Problem statement: The line with "Double Deluxe King Bed", the line with "Image 15 of", and all lines between them in the material below: return these exactly, and no others.
============
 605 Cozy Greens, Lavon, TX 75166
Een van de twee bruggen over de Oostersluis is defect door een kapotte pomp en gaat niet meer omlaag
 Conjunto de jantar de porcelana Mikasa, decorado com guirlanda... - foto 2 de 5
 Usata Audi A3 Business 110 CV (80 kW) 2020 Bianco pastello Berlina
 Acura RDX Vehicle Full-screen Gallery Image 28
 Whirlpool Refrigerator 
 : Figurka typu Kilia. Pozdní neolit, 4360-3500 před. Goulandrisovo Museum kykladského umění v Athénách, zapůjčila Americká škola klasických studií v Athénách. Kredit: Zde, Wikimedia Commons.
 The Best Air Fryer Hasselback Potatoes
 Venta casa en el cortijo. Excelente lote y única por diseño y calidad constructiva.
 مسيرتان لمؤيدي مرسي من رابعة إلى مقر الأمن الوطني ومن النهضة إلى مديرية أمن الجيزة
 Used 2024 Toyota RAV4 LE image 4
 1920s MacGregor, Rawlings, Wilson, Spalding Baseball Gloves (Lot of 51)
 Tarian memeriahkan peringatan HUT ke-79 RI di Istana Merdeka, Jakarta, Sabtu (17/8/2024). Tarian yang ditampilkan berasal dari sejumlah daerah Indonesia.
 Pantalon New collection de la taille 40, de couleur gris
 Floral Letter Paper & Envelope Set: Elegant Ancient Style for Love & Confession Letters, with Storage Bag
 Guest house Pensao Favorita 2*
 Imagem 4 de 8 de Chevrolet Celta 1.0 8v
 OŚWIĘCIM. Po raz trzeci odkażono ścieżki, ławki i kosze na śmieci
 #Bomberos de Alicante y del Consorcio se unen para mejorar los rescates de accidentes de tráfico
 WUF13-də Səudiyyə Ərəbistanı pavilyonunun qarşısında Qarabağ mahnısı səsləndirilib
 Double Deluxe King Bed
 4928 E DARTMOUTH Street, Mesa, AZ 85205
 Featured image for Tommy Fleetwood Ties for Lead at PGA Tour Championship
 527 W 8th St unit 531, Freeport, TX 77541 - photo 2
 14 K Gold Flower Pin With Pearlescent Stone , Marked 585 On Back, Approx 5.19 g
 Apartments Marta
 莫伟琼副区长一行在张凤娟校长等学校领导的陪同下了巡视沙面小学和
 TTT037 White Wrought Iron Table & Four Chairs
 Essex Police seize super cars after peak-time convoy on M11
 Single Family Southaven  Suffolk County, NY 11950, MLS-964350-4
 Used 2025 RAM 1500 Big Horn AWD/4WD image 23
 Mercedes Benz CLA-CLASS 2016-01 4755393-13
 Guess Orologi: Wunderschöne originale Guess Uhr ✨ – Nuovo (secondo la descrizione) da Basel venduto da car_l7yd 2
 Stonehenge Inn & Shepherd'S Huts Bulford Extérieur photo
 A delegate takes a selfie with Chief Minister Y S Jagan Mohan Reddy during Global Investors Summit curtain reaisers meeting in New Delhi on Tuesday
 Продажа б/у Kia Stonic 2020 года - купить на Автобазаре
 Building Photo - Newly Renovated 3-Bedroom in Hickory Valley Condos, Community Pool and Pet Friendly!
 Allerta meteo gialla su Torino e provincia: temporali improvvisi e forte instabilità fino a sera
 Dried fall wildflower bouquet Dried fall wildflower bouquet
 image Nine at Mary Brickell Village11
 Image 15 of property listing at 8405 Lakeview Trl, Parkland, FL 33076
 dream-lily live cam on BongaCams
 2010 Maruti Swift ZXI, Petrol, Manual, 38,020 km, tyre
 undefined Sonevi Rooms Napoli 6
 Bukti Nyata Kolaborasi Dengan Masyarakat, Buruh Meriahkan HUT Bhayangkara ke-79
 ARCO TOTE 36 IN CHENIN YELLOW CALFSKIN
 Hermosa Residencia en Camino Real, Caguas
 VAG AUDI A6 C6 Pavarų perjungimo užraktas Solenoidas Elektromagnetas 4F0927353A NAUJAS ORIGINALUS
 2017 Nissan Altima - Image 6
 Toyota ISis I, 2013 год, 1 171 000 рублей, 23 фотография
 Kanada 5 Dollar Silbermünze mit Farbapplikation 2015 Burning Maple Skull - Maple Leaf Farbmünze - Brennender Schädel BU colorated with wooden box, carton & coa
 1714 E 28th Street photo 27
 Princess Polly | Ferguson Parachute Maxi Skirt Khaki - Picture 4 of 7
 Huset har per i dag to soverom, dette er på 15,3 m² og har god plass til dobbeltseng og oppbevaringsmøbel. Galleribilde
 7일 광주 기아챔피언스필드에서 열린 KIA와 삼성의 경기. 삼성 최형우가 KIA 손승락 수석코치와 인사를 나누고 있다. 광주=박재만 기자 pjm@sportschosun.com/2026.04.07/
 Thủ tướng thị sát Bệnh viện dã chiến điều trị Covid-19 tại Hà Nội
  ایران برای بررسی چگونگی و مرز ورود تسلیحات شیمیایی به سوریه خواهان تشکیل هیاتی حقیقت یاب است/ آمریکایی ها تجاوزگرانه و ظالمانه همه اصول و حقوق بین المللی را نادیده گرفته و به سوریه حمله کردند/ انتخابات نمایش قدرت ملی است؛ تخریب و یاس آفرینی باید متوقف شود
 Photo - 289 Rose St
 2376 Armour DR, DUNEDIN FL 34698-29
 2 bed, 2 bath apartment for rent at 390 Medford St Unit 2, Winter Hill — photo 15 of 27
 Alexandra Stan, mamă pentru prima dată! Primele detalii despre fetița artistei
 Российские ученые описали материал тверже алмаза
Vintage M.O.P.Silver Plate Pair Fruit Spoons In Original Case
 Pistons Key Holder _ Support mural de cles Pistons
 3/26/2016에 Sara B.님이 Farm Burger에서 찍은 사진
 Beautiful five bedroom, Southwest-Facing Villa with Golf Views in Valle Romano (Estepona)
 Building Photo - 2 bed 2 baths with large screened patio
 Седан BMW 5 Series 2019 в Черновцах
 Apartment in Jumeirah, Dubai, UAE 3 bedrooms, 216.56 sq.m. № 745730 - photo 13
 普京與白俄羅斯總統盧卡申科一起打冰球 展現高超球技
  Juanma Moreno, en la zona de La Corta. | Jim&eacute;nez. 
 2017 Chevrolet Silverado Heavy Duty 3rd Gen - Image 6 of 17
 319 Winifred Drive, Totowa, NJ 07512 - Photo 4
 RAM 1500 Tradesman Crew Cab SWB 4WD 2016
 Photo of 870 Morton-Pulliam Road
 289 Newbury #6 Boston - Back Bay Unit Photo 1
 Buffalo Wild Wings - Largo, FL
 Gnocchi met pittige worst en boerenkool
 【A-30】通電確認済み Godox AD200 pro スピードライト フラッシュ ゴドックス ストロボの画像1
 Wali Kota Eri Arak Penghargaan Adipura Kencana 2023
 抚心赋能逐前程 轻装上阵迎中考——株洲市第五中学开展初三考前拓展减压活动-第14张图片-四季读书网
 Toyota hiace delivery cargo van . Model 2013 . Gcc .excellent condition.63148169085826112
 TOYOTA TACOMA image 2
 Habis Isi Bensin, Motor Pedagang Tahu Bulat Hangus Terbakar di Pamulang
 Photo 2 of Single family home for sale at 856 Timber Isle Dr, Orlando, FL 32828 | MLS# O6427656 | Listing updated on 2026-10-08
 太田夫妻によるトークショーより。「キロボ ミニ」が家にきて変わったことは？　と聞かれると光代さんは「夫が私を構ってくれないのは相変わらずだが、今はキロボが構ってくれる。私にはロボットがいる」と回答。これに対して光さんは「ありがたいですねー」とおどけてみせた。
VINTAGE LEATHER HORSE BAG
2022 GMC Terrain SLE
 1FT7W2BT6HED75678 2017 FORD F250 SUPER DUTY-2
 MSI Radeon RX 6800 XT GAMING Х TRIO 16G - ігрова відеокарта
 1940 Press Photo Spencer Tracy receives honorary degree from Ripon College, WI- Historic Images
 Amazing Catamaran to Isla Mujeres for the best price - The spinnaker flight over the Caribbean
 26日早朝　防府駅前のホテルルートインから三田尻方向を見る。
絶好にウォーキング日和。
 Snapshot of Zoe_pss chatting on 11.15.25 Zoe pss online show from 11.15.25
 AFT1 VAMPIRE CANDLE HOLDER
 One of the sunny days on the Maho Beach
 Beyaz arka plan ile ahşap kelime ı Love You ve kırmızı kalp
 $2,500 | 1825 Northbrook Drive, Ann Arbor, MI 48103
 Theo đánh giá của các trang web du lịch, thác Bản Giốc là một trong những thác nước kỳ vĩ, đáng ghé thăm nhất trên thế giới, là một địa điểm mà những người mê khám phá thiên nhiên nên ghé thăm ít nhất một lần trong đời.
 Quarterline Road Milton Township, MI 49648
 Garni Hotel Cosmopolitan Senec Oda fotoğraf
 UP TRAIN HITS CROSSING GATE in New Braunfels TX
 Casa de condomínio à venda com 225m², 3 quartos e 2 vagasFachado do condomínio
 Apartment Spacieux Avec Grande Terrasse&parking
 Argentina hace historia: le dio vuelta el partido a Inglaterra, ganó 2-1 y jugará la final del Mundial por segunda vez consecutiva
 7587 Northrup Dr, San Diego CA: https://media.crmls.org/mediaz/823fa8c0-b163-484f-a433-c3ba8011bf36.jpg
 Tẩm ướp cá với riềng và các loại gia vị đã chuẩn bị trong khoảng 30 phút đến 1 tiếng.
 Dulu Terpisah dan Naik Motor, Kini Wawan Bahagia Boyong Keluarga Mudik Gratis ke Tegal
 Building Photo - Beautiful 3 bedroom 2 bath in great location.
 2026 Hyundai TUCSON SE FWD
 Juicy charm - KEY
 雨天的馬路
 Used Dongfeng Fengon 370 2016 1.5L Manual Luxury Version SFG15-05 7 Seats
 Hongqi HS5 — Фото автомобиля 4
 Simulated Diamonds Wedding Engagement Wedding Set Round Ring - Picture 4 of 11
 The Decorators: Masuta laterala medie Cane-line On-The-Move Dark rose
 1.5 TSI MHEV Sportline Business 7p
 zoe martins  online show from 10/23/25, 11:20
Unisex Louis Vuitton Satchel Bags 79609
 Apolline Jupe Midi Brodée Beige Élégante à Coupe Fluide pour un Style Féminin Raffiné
============
Reply to the exercise:
 Double Deluxe King Bed
 4928 E DARTMOUTH Street, Mesa, AZ 85205
 Featured image for Tommy Fleetwood Ties for Lead at PGA Tour Championship
 527 W 8th St unit 531, Freeport, TX 77541 - photo 2
 14 K Gold Flower Pin With Pearlescent Stone , Marked 585 On Back, Approx 5.19 g
 Apartments Marta
 莫伟琼副区长一行在张凤娟校长等学校领导的陪同下了巡视沙面小学和
 TTT037 White Wrought Iron Table & Four Chairs
 Essex Police seize super cars after peak-time convoy on M11
 Single Family Southaven  Suffolk County, NY 11950, MLS-964350-4
 Used 2025 RAM 1500 Big Horn AWD/4WD image 23
 Mercedes Benz CLA-CLASS 2016-01 4755393-13
 Guess Orologi: Wunderschöne originale Guess Uhr ✨ – Nuovo (secondo la descrizione) da Basel venduto da car_l7yd 2
 Stonehenge Inn & Shepherd'S Huts Bulford Extérieur photo
 A delegate takes a selfie with Chief Minister Y S Jagan Mohan Reddy during Global Investors Summit curtain reaisers meeting in New Delhi on Tuesday
 Продажа б/у Kia Stonic 2020 года - купить на Автобазаре
 Building Photo - Newly Renovated 3-Bedroom in Hickory Valley Condos, Community Pool and Pet Friendly!
 Allerta meteo gialla su Torino e provincia: temporali improvvisi e forte instabilità fino a sera
 Dried fall wildflower bouquet Dried fall wildflower bouquet
 image Nine at Mary Brickell Village11
 Image 15 of property listing at 8405 Lakeview Trl, Parkland, FL 33076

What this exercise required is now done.